# [Input data]
_ _ _ _ _

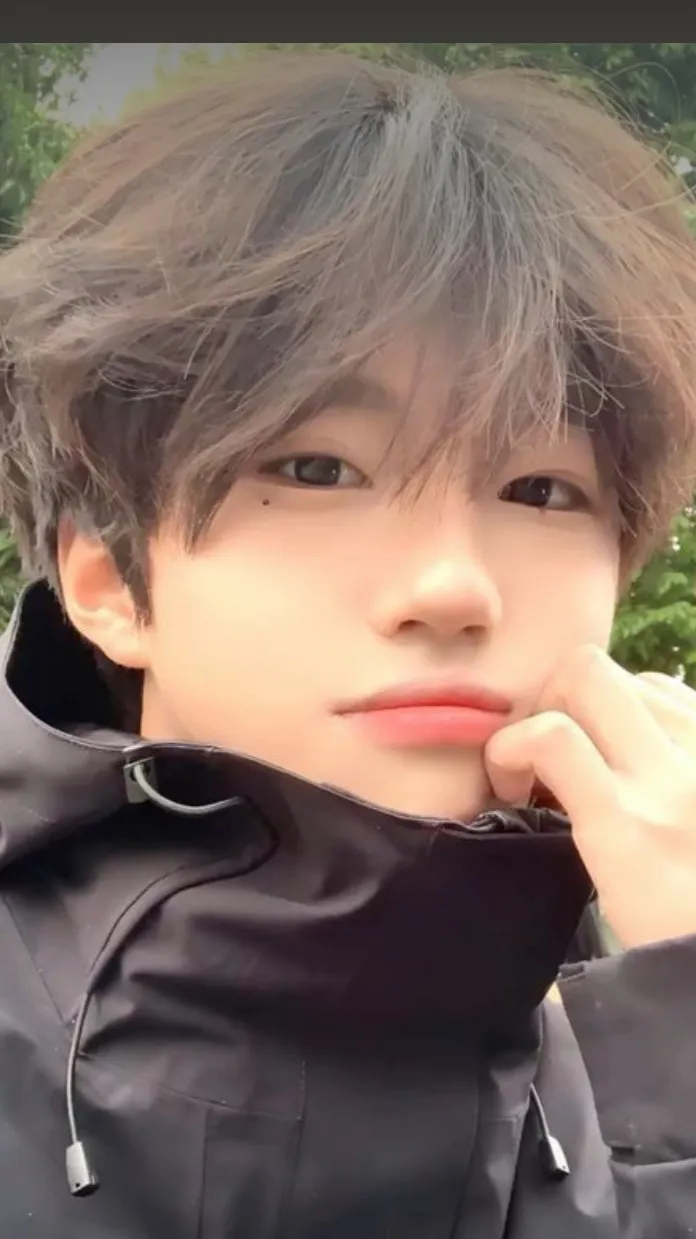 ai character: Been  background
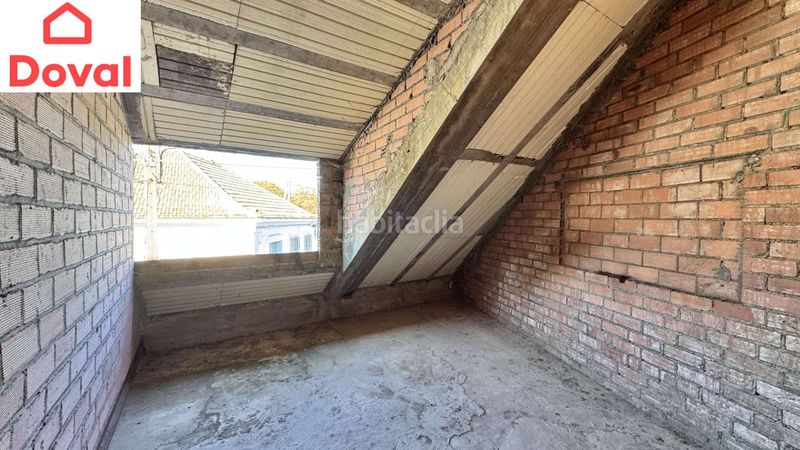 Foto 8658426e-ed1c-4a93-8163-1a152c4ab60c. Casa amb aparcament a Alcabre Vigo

_ _ _ _ _

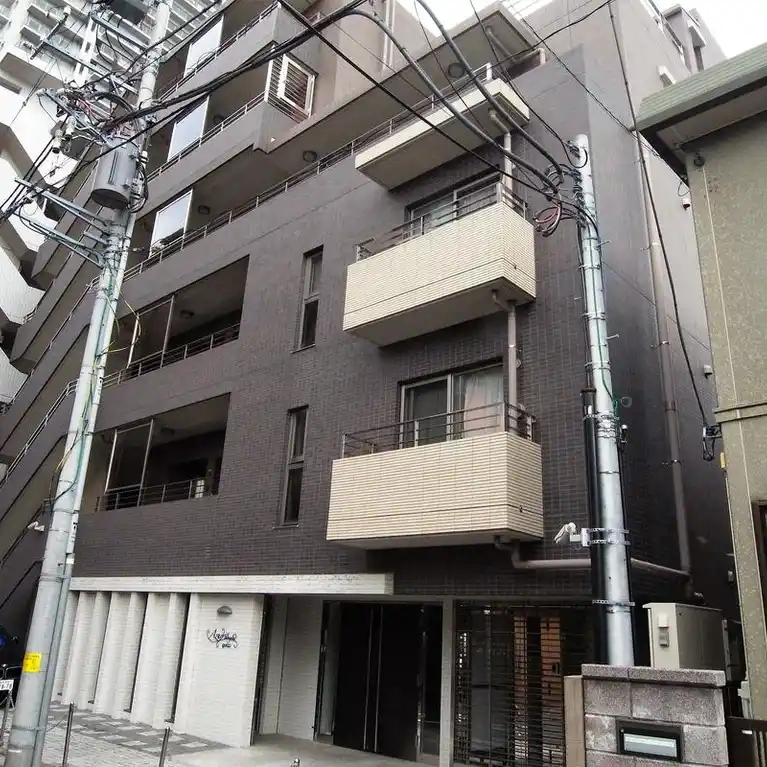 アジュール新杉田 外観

_ _ _ _ _

# [Required work]
The answer is the lines of the material above, from the one containing "ai character: Been" down to the one containing "Foto 8658426e-ed1c-4a93-8163-1a152c4ab60c. Casa", given exactly and without images.

# [Response to this exercise]
 ai character: Been  background
 Foto 8658426e-ed1c-4a93-8163-1a152c4ab60c. Casa amb aparcament a Alcabre Vigo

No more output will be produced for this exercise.